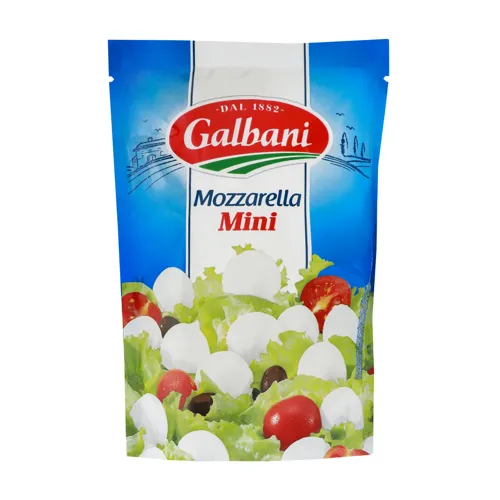 Сир 45% Mozzarella Mini Galbani м/у 150г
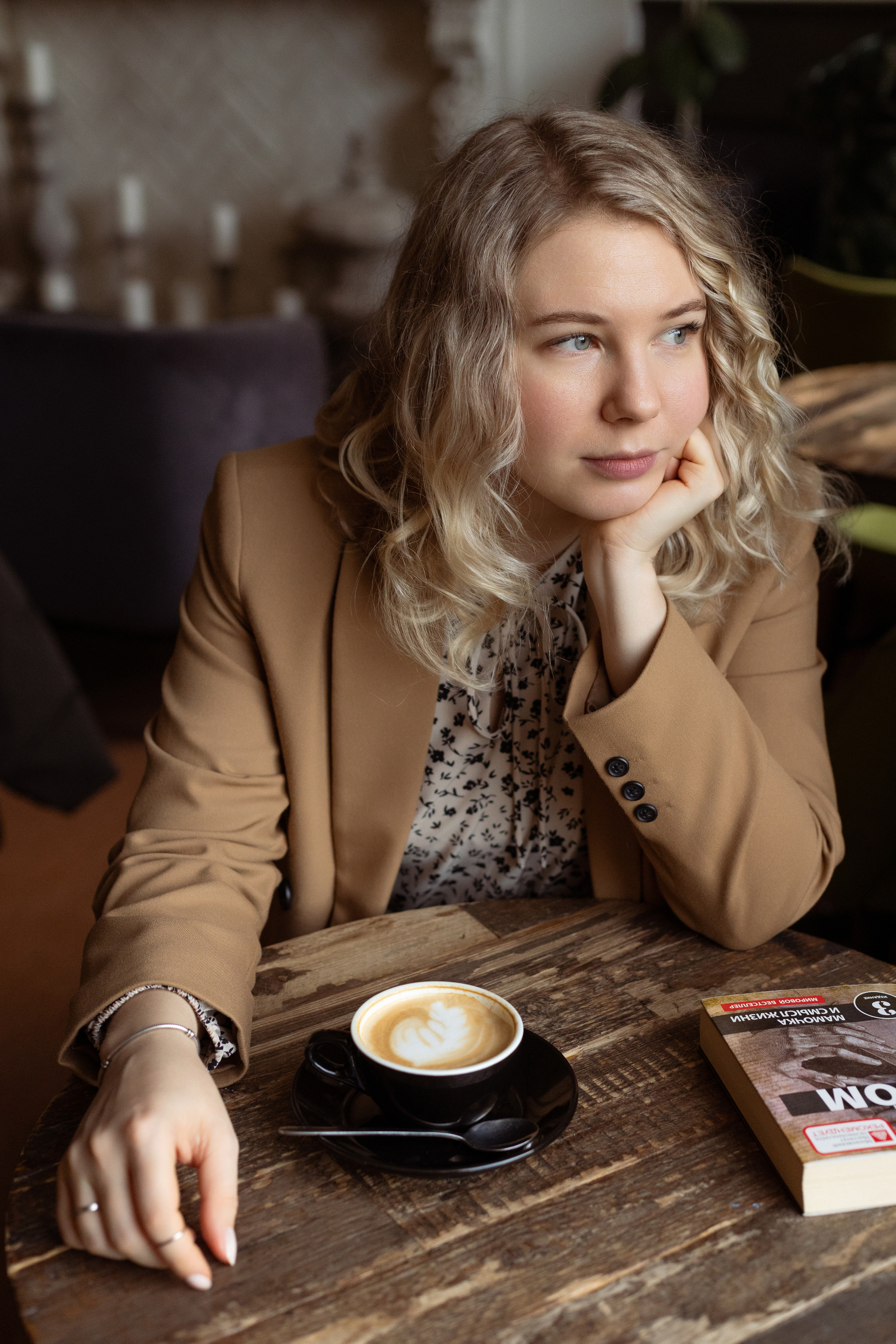 Алла Филатова, психолог. Портретный фотограф Санкт-Петербург и Москва Дарья Румянцева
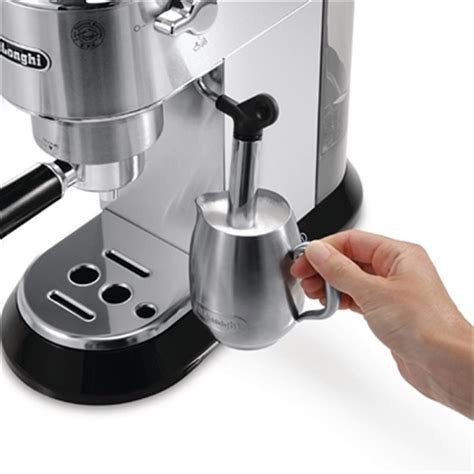 Delonghi dedica espresso machine review. DeLonghi Dedica EC680M Espresso and Coffee Maker Silver ...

= = = = =

» **EXERCISE**
Reproduce every line above as written, skipping pictures.

» **EXERCISE RESPONSE**
 Сир 45% Mozzarella Mini Galbani м/у 150г
 Алла Филатова, психолог. Портретный фотограф Санкт-Петербург и Москва Дарья Румянцева
 Delonghi dedica espresso machine review. DeLonghi Dedica EC680M Espresso and Coffee Maker Silver ...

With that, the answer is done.